↓↓↓
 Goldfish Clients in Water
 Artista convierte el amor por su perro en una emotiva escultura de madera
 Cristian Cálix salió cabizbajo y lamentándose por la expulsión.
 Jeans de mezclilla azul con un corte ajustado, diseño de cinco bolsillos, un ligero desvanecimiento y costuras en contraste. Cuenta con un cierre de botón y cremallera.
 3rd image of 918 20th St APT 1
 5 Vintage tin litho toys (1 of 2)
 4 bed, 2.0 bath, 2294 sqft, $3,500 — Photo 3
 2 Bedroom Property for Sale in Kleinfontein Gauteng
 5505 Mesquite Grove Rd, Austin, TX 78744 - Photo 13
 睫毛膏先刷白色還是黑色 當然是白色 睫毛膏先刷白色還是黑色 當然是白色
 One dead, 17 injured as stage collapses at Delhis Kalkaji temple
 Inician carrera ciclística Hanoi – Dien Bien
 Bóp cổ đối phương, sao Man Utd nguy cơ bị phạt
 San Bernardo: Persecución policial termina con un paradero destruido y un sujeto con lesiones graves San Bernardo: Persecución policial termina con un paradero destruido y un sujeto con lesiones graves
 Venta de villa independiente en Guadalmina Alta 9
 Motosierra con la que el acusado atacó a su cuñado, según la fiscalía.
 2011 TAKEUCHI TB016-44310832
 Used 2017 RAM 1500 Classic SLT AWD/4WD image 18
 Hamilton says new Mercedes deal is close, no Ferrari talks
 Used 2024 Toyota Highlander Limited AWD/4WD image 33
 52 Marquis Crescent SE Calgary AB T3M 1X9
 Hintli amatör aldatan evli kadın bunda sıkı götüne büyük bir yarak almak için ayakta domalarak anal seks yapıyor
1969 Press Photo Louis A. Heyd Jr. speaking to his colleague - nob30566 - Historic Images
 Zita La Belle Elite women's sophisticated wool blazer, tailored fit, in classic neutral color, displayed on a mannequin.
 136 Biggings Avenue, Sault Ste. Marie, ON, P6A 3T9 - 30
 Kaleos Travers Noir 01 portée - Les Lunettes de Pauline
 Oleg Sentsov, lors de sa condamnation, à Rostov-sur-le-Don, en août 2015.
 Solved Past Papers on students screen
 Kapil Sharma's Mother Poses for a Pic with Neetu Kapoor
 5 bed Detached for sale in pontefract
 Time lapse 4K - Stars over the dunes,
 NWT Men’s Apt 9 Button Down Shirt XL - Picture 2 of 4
↑↑↑
What is being asked:
Take each line of the listing above and set it down again exactly.

Task solution:
 Goldfish Clients in Water
 Artista convierte el amor por su perro en una emotiva escultura de madera
 Cristian Cálix salió cabizbajo y lamentándose por la expulsión.
 Jeans de mezclilla azul con un corte ajustado, diseño de cinco bolsillos, un ligero desvanecimiento y costuras en contraste. Cuenta con un cierre de botón y cremallera.
 3rd image of 918 20th St APT 1
 5 Vintage tin litho toys (1 of 2)
 4 bed, 2.0 bath, 2294 sqft, $3,500 — Photo 3
 2 Bedroom Property for Sale in Kleinfontein Gauteng
 5505 Mesquite Grove Rd, Austin, TX 78744 - Photo 13
 睫毛膏先刷白色還是黑色 當然是白色 睫毛膏先刷白色還是黑色 當然是白色
 One dead, 17 injured as stage collapses at Delhis Kalkaji temple
 Inician carrera ciclística Hanoi – Dien Bien
 Bóp cổ đối phương, sao Man Utd nguy cơ bị phạt
 San Bernardo: Persecución policial termina con un paradero destruido y un sujeto con lesiones graves San Bernardo: Persecución policial termina con un paradero destruido y un sujeto con lesiones graves
 Venta de villa independiente en Guadalmina Alta 9
 Motosierra con la que el acusado atacó a su cuñado, según la fiscalía.
 2011 TAKEUCHI TB016-44310832
 Used 2017 RAM 1500 Classic SLT AWD/4WD image 18
 Hamilton says new Mercedes deal is close, no Ferrari talks
 Used 2024 Toyota Highlander Limited AWD/4WD image 33
 52 Marquis Crescent SE Calgary AB T3M 1X9
 Hintli amatör aldatan evli kadın bunda sıkı götüne büyük bir yarak almak için ayakta domalarak anal seks yapıyor
1969 Press Photo Louis A. Heyd Jr. speaking to his colleague - nob30566 - Historic Images
 Zita La Belle Elite women's sophisticated wool blazer, tailored fit, in classic neutral color, displayed on a mannequin.
 136 Biggings Avenue, Sault Ste. Marie, ON, P6A 3T9 - 30
 Kaleos Travers Noir 01 portée - Les Lunettes de Pauline
 Oleg Sentsov, lors de sa condamnation, à Rostov-sur-le-Don, en août 2015.
 Solved Past Papers on students screen
 Kapil Sharma's Mother Poses for a Pic with Neetu Kapoor
 5 bed Detached for sale in pontefract
 Time lapse 4K - Stars over the dunes,
 NWT Men’s Apt 9 Button Down Shirt XL - Picture 2 of 4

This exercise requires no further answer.